Ram mengatakan bahwa saya datang ke sini untuk memenuhi janji saya kepada Shinta, saya datang ke sini untuk melakukan Pati Dharm, dia diculik dengan curang, jadi tidak ada janji yang gagal, jika saya tidak dapat membebaskannya dari cengkeraman Anda, maka janji akan hancur, tapi itu Tidak akan terjadi, saya akan membawanya kembali dengan saya dengan aman. Raavan tertawa dan berkata sampai aku hidup, ini tidak mungkin. Rama bilang kau tidak sadar tujuanmu sudah dekat, ini karena egomu, masih ada waktu, terima kebenaranmu lagi ... Raavan bertanya pada yang lain apakah kamu akan membunuhku, bagaimana kamu akan membunuhku, dengan bersembunyi di balik pohon atau panah pemotretan , pertempuran pengecut dengan saya, jangan buang waktu Rama. Laxman marah. Teriak Raavan bertempur dengan saya pengecut. Rama mengambil panah dan berhenti. Raavan tertawa dan bertanya apa yang terjadi, apakah Anda takut melihat Raavan di depan Anda, apakah semua Gyaan Anda hilang, menerima kebenaran Anda bahwa Anda adalah seorang pengecut.

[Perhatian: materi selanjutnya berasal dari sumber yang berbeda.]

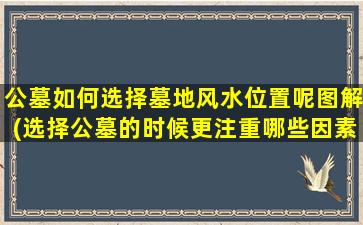 公墓如何选择墓地风水位置呢图解(选择公墓的时候更注重哪些因素)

Ram mengatakan Raavan, ini adalah Dharm yudh dan harus ada ketaatan terhadap peraturan perang, tidak ada perang setelah matahari terbenam, bahkan jika ada musuh terbesar yang ada di hadapanmu, perang akan dimulai besok, tapi kamu tidak percaya pada Dharm yudh , Anda bisa menipu jika Anda mau. Dia pergi. Semua orang melantunkan Jai Shri Rama. Raavan marah. Dia kembali ke istananya.

Raavan khawatir. Kaikesi, Mandodari, Meghnadh dan Sulochana datang kesana. Kaikesi bertanya bagaimana ini bisa terjadi, bagaimana Rama hidup setelah kamu masuk dalam pertempuran. Raavan mengatakan itu karena saya tidak merasa berhak membunuhnya hari ini, dia telah menyelesaikan semua masalah kita. Kaikesi menanyakan solusi apa. Raavan tersenyum dan mengatakan Rama adalah solusinya sendiri, saya putuskan saya akan menjadi Rama. Mereka kaget. Raavan mengatakan bahwa Rama yang benar-benar dipercaya oleh Shinta dan yang dipercayai oleh Shinta.